German Adler Diplomat circa WWII with a gazogene-type wood-gas fuel generator.
A wood gas generator often known as a gasifier, is a wood-fueled gasification reactor mounted on an internal combustion engine, to provide a wood gas, a form of syngas. These devices are also known as gas producers.
Gasification was an important and familiar 19th and early 20th century technology, and its potential and practical applicability to internal combustion engines were well-understood from the earliest days of their development. Town gas was produced from coal as a local business, mainly for lighting purposes, at least initially, and experience in the trade was widespread; most practicing technical people would know a good deal about it. When stationary internal combustion engines based on the Otto cycle became available (and especially after the Otto engine's patent expired and entered the public domain), internal combustion engines began displacing steam engines as prime movers in many works requiring stationary motive power.In 1873, Thaddeus S. C. Lowe developed and patented the water gas process by which large amounts of hydrogen gas could be generated for residential and commercial use in heating and lighting. Unlike the common coal gas, or coke gas which was used in municipal service, this gas provided a more efficient heating fuel. Gaseous-fuelled internal combustion engines were commonly fueled by town (lighting) gas during the late 19th century; however, the high price of town gas caused many stationary engine works to switch to using producer gas during the early 20th century. Producer gas has less heat content, but was substantially cheaper to make than town gas was to purchase, due to its generation by partial combustion of coke, a byproduct of coal, rather than through the town-gas process of destructive distillation (pyrolysis) of coal.

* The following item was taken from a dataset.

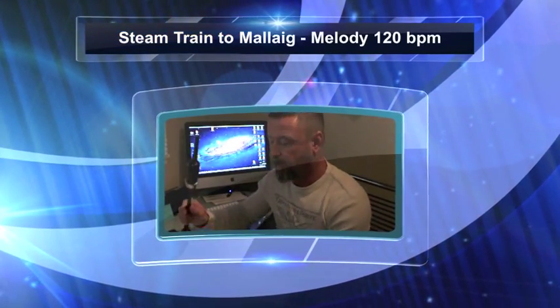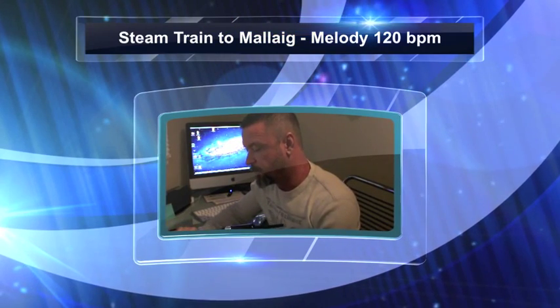Hey again. So I figured I'd do the Steam Train in the Leg at 120 beats a minute, going through all the different parts separately, so you have something to play to that's a little bit faster once you get the 85 beats per minute down, which is in the previous video.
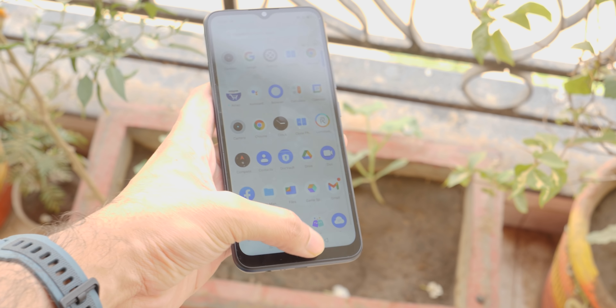For the software experience, we get Android 10 with Realme UI 1.0. There are plenty of features including dark mode, theme store, and screen recorder. Regarding bloatware, there is not a lot installed — just Realme's own apps and one app called HeyFun. You will get Google Dialer and Messages here. One thing I did not like is that dual-band Wi-Fi support has not been given, so you can only connect to 2.4 GHz Wi-Fi, which means Wi-Fi performance won't be as strong.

By the time World War II arrived in United States and Great Britain, many internal combustion engines of the Otto type were in use in automobiles; however, they were fueled by petroleum-based gasoline, not coal or wood-based town or producer gas. Due to the war, civilian uses of petroleum were sharply curtailed in both nations. In Great Britain, petroleum shortages and rationing were common; in the United States, petroleum rationing was the law of the land, as almost all petroleum was diverted to the war effort. Due to the lack of gasoline from petroleum, older people recalled how to build gasifiers for both wood and coal, and how to convert internal combustion engines to run on gaseous fuel, and wood gas generators were in active production. Large numbers of such generators were constructed or even improvised; commercial generators were in production before and after the war, for use in special circumstances or in distressed economies. -- Wikipedia
Imbert Wood Gasifier.
Definition of GASOGENE
gas·o·gene, noun \ˈga-sə-ˌjēn\
1: a portable apparatus for carbonating liquids
2: an apparatus carried by a vehicle to produce gas for fuel by partial burning of charcoal or wood
Years ago when I was reading up on the French Resistance of World War II, I ran into mention of "gasogene" taxis, that beat the German restrictions on gasoline by using the gasification of wood chips as fuel in wood gas generators of the "Imbert" downdraft type. The system was originally designed around 1920 by French inventor Georges Imbert. (See schematic above.)
Here is the Wikipedia citation on wood gas generators. Here is an article on the 1942 Swedish Kalle-type charcoal gasifier which burns cleaner than wood chips.
Kalle charcoal-gasifier mounted on the front of a World War Two-era sedan.
More info can be had by going to Build A Gasifier: The One Stop Shop On Gasification, where you can download a 1989 FEMA manual on the subject.
I was reminded of all of the above by FG's forwarding me this link about a modern version built on an El Camino in Finland. It strikes me that these are going to get very popular very soon. Heck, I have a 1999 Chevy Blazer that needs a $400.00 fuel pump that I can't afford. Maybe I can convert it.
"Juha Sipila's El Camino pick-up can cover 125 miles on a hundredweight and half of wood chips but carries enough timber for 800 miles."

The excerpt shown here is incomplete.